Elkhart Mayor Dick Moore has ordered Grace Lawn Cemetery to close, Sunday.
We told you about the erosion happening on the cemetery property.
Moore says the erosion is due to low river levels and little rainfall.
He says closing the cemetery will protect people who are walking around the area and will also preserve the cemetery.
Moore adds the city's emergency management team will be on watch until further notice.
Anyone wishing to visit a grave site can call the cemetery for arrangements.
Moore says construction to stabilize the riverbank will begin soon.
Original story from July 13:
There's a problem behind the gates of the historic Grace Lawn Cemetery on Middlebury Street in Elkhart.
It's a problem Kelly Anderson saw first hand when she was fishing. "It comes all the way down," she says referring to the erosion along the river.
She was alarmed to see how bad it has gotten, so she talked with the groundskeeper, the police and with FOX 28 to make sure the issue is being addressed. "It really irritated me," she says.
Grace Lawn was dedicated in the 1800's. Many of the city's founders are buried there, and so are an estimated 100 Civil War soldiers. You can see how close the gravestones are to the edge. So we went to city leaders, who assure us they've been working on a solution.
"It's important because it's sacred ground," says Executive Assistant to the Mayor Arvis Dawson. "It's where ancestors, people's families lay. We want to make sure their internment is secure." Dawson says Public Works' engineers just came up with a design plan. They'll open it up for bids, and a company will step in and get to work.

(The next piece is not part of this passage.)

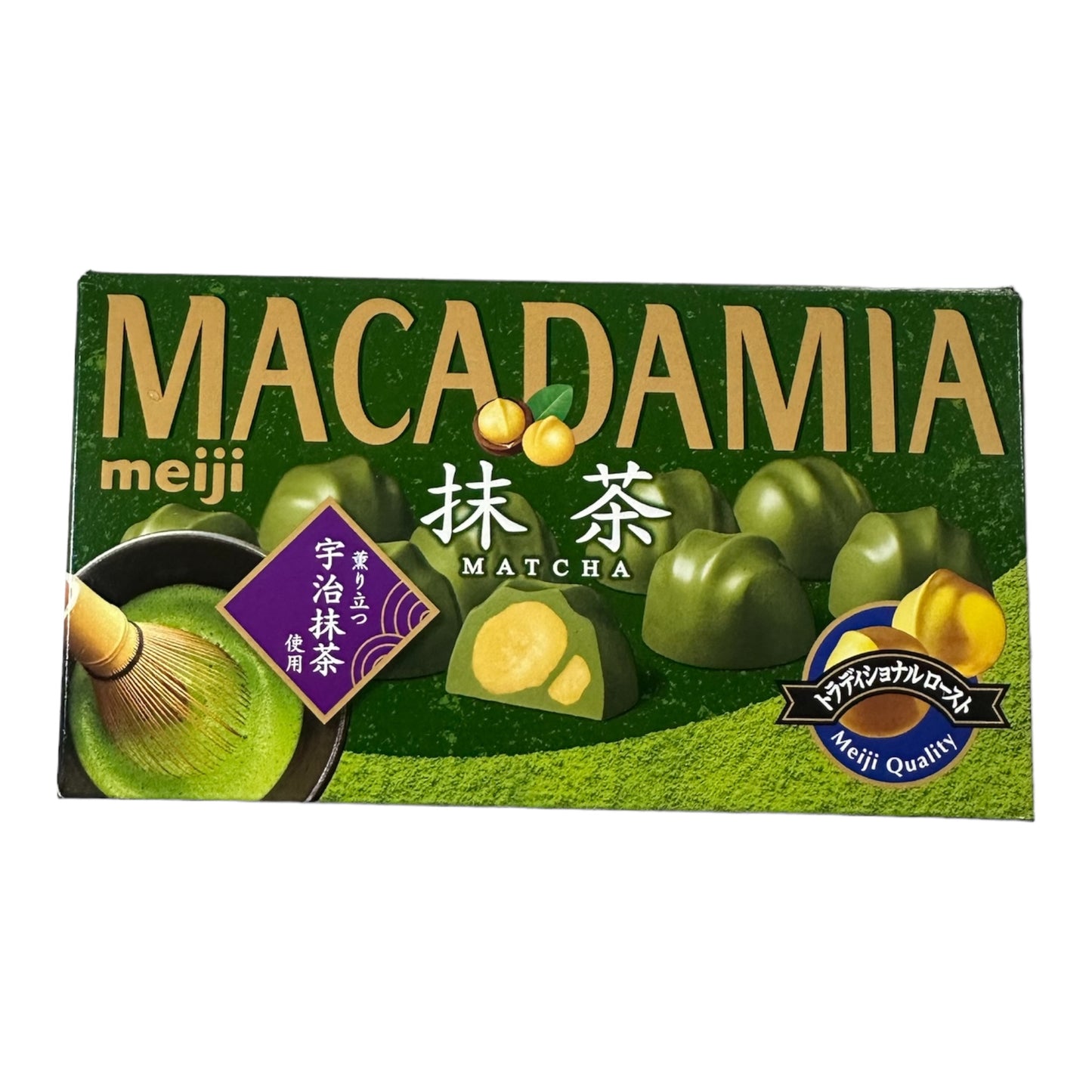 Meiji Macadamia Chocolate Matcha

What they'll do then is two-fold. First they'll clear brush from along the river, then they'll put in about 350 square yards of what's called riprap. The goal is to prevent future erosion. "We want to make sure that we stabilize it going forward," Dawson says.
Kelly Anderson says that is a step in the right direction. "It makes me feel really well, because I was about to tell them that I was going to take a sack of dirt out there myself," she says.